(MA) Anchor Bay Entertainment DVD/BD
Post-apocalyptic thriller The Day depicts a bleak future where civilised society has all but broken down completely due to unspecified causes.
We follow a small group of five survivors, who stumble upon a seemingly abandoned farmhouse in their search for food and shelter while evading unseen predators.
Their brief respite ends abruptly as they accidentally trigger an alarmed trap set by the predators, eventually revealed to be tribes of humans who have turned to organised cannibalism to survive. Outnumbered and surrounded, they must make a last stand through the night against former fellow human beings.
The first third of The Day is promising in its open focus on the individuals in the group, their hopes for a better future and despair at present calamities. However, as group members die and escalating in-group hostilities (including a very gruesome knife torture scene) and tense stand-offs with the cannibal tribe threaten to erupt into chaotic melees, the scenario is set for maximum adrenaline-fuelled bloody carnage.
Unfortunately, The Day quickly begins to suffer from the same “shoot-now-don’t-ask-later” syndrome that plagues films such as Looper and Sucker Punch. We are bombarded with an overabundance of highly stylised violence for one-and-a-half hours in an attempt to distract us from the lack of forethought and unexplained contradictions in the bleak, futuristic scenario.
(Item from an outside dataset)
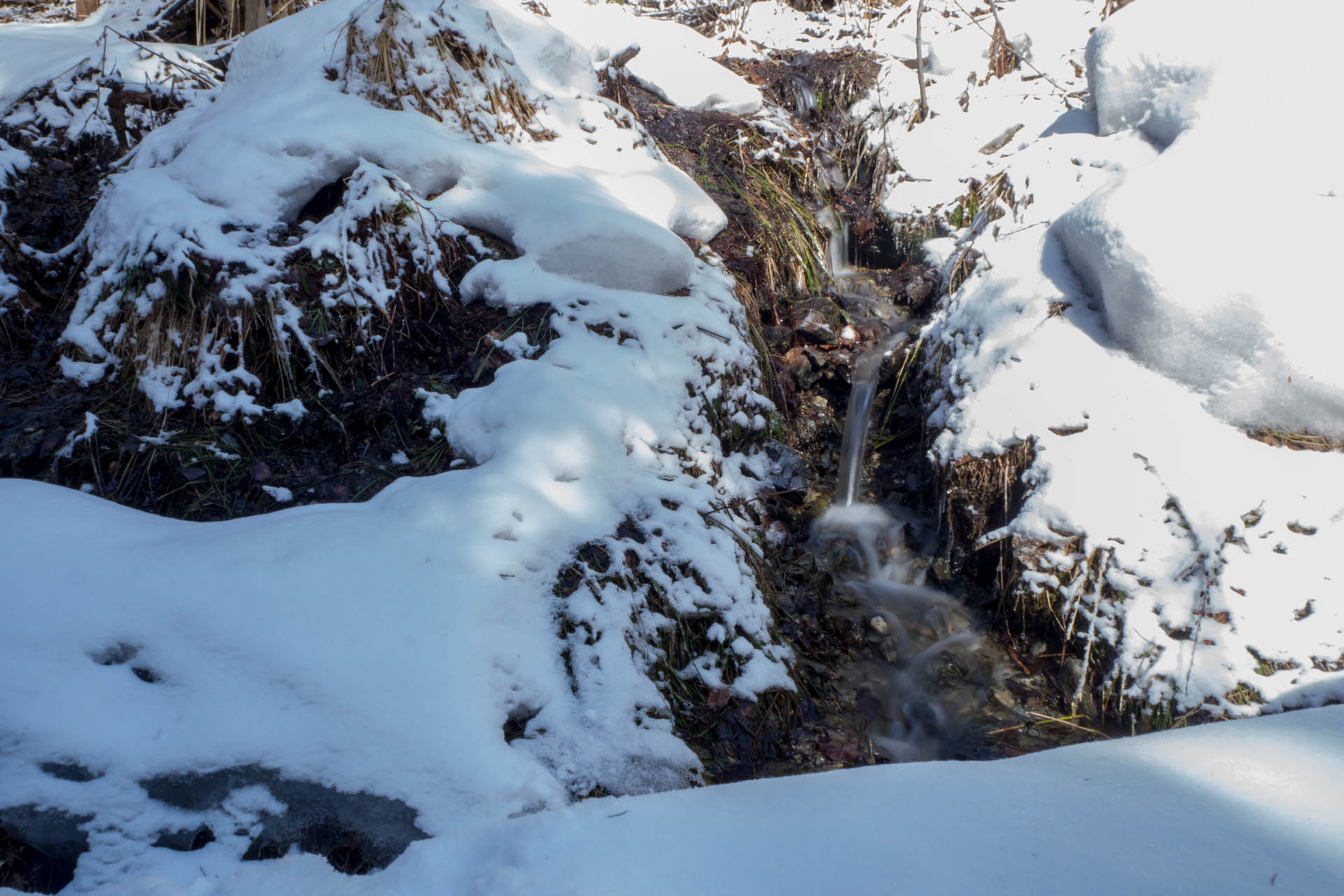 Veľkonočná Veľká Vápenica z Heľpy (Nízke Tatry)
Slick production values and action sequences do little to salvage the sketchy plot. Plot points are raised half-heartedly then inexplicably allowed to die. The characters are not developed well enough for us to care much about what happens to them, making what little growth there is to ring false.
Likewise, attempts at deeper observation into the nature and morality of human self-preservation and society are few and far between. This is disappointing for a film in this genre, which originated as a means of cynical commentary on human society.
It was refreshing, however, to finally see female characters able to do their fair share of fighting, steering away from the useless-damsel-in-distress female archetype so annoyingly overused in survival-horror ensembles.
What I love about post-apocalyptic survival horror/dystopian future films is the unique opportunity they can present for us to explore not only a hypothetical worst-case-scenario vision of the future, but also a hypothetical worst-case-scenario vision of ourselves as human beings when faced with catastrophe.
However, The Day, thanks largely to its skimping on plot in favour of gratuitous bloodshed, does not deliver much of either.
The consequence of this is a film that will provide good mindless entertainment for a rainy Saturday evening and satiate the casual viewer’s bloodlust. Veterans of the genre who have come to expect something meatier will leave feeling empty.